Today's enterprises are spread across large worldwide networks that include a web of heterogeneous suppliers. This has increased the challenge of serialization data management across these large and loosely knit organisations. Brand-owners need to attach an RFID tag with a unique serial number, known as the Serialised Global Trade Item Number (SGTIN), to their products. With so many suppliers widely distributed with their own management systems, the coordination of the SGTIN and EPC can be complex and open to errors, waste or, worse still, duplications.

Under GS1 serialisation guidelines, each brand-owner is responsible for ensuring unique serialization for their tagged products. Serial number management has clearly been identified as an industry challenge. Until the alignment, each IC vendor has been independently approaching the issue that would require each brand-owner to figure out how to coordinate between the IC suppliers. MCS was designed to address this issue by recommending a simple and flexible guideline for an industry aligned approach, accommodating both chip-based and customised IT based solutions.

MCS relieves the burdens associated with serial number management, even among multiple RFID IC suppliers providing solutions for billions of tags. MCS compliant systems will utilise a self-contained, factory programmed and permanently locked unique serial number embedded within the Tag Identifier (TID) memory of each IC. With an MCS compatible solution, brand-owners simply distribute tag product data as before, leaving it to the printing or encoding device to provide the unique serial number for RFID encoding that is now extracted from the MCS compatible tag. The result is a complete SGTIN-96 without the burden of number management and without worry of a duplicate.

Alien® Providing Pre-Encoded, Chip-Based MCS Solutions with Higgs4 IC

Alien believes MCS provides:

  • An industry aligned, chip-based encoding scheme that allows brand-owners that wish to adopt chip-based serialization the ability to source from any MCS supplier.
  • An open convention that is expandable for other future, chip-based serialisation suppliers.
  • The comfort that the chance of serial number duplication is extraordinarily small (serialisation is per EPC code).

Among the MCS suppliers, only Alien is immediately supplying pre-encoded, chip-based MCS solutions via its Higgs 4 UHF RFID IC. Alien is pre-encoding the EPC SGTIN serial number field with MCS Alien header and the serialised portion programmed into the chip at manufacturing time. This minimizes the programming required by brand-owners should they use Higgs-4.

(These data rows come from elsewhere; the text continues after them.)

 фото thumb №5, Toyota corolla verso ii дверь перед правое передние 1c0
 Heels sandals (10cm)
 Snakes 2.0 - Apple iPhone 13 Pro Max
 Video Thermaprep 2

"Alien's MCS solution is unique in that all Higgs-4 ICs are pre-programmed at manufacturing time," said Mike Frieswyk, Alien Technology, Vice President of Sales and Marketing. "Alien's pre-encoding of RFID chips reduces the cost and possibility of introducing duplicates from equipment mishandling at the tag level, while offering brand-owners the flexibility to overwrite this with their own scheme if they wish to do so."

For brand-owners, retailers and service bureaus that wish to manage their own serialization database, they simply overwrite the pre-encoded serialisation bits inside the EPC with their own scheme. To facilitate this, all of Alien's UHF RFID ICs are already supplied with an unalterable 64-bit UTID (Unique Tag ID), which is hard programmed during the manufacturing process and identifies the chip vendor, the IC model and includes a unique serial number. The service bureau may use their own custom scheme or copy up to 48 bits from the UTID, and then write these bits into a portion of it to the SGTIN -- eliminating the need to create and maintain their own serialisation management structure. While this does not eliminate the need to write the serial number to the tag, it does significantly reduce the risk of duplication.

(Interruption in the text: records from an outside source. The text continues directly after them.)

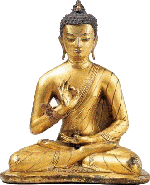 Les « mudras »  Buddha10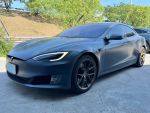 Model S LR 2019 FSD 免費超充 - 大壹汽車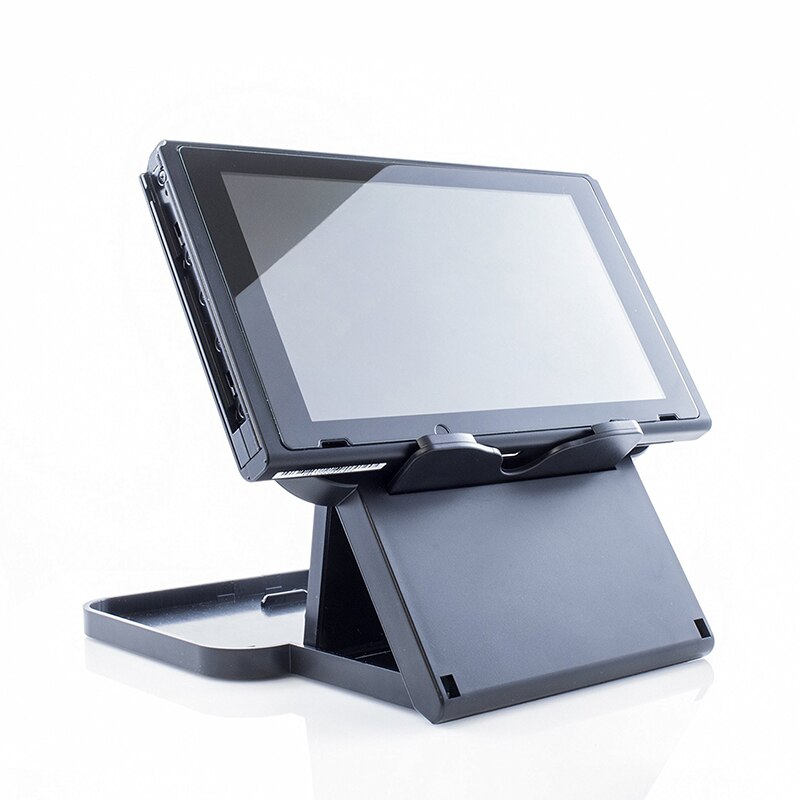 Game Accessories Adjustable Stand for Nintend Switch Multi-Angle Adjustable Holder Desktop Stand for Nintend Switch Console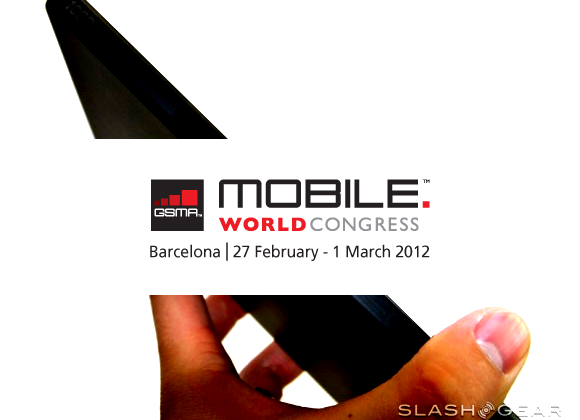 MWC 2012 Tablet Pre-Show Rundown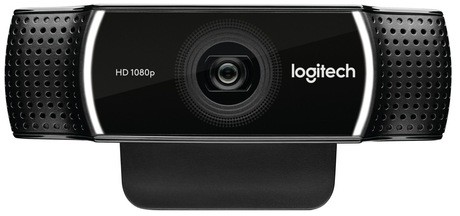 LOGITECH C922 PRO STREAM WEBCAM V-U0028 960-001088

Both approaches are completely optional and offer certain advantages depending on tagging volumes, print/encoding requirements and data management infrastructure.

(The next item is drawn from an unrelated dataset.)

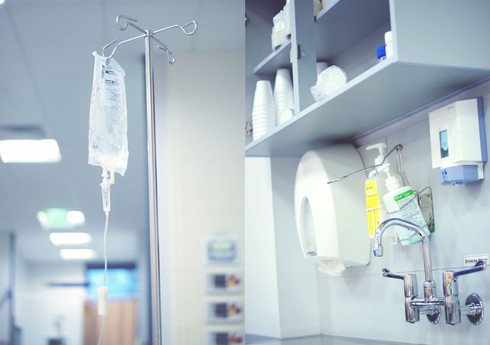 Təyyarə qəzasında xəsarət alanlardan ikisinin müalicəsi davam edir, ikisi reabilitasiya mərkəzinə köçürülüb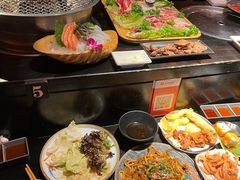 -榮華亭烧肉放题·和牛酒场(花都店)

Alien believes pre-encoded, chip-based serialisation has many advantages including:

  • It adds no additional costly steps to the creation and management of the serialized number.
  • As the serialisation is managed "at the IC source," the risk of serial number duplication at the tag level is massively reduced.

"Alien and fellow RFID IC suppliers have clearly recognised the need for a common approach that would provide further momentum to the adoption of RFID in high-volume applications, such as the retail market," said Justin Patton, RFID Research Centre Managing Director, University of Arkansas. "MCS achieves this by providing a common scheme across the major industry players."

Further details of the MSC scheme will be announced during RFID Journal Live 2012, and specific Higgs-4 product information will be announced by Alien around that same time. Alien will be discussing both at booth #614.